» **TASK**
Copy the lines below as they are; omit the images they contain.

[MATERIAL PROVIDED — start]

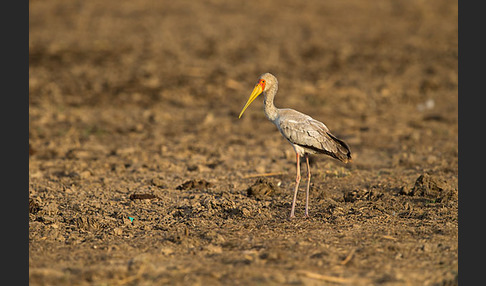 Nimmersatt (Mycteria ibis)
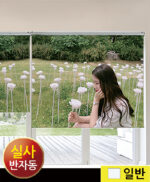 일반원단 실사반자동 원터치스크린-화이트 롤블라인드/ 원터치롤스크린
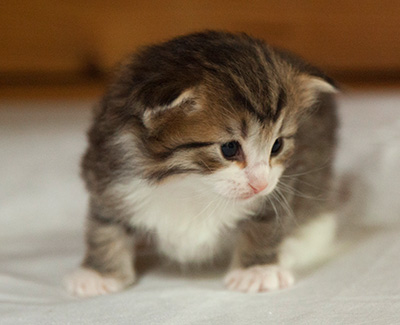 Ivana - 3 weeks old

[MATERIAL PROVIDED — finish]

» **REPLY TO THE EXERCISE**
 Nimmersatt (Mycteria ibis)
 일반원단 실사반자동 원터치스크린-화이트 롤블라인드/ 원터치롤스크린
 Ivana - 3 weeks old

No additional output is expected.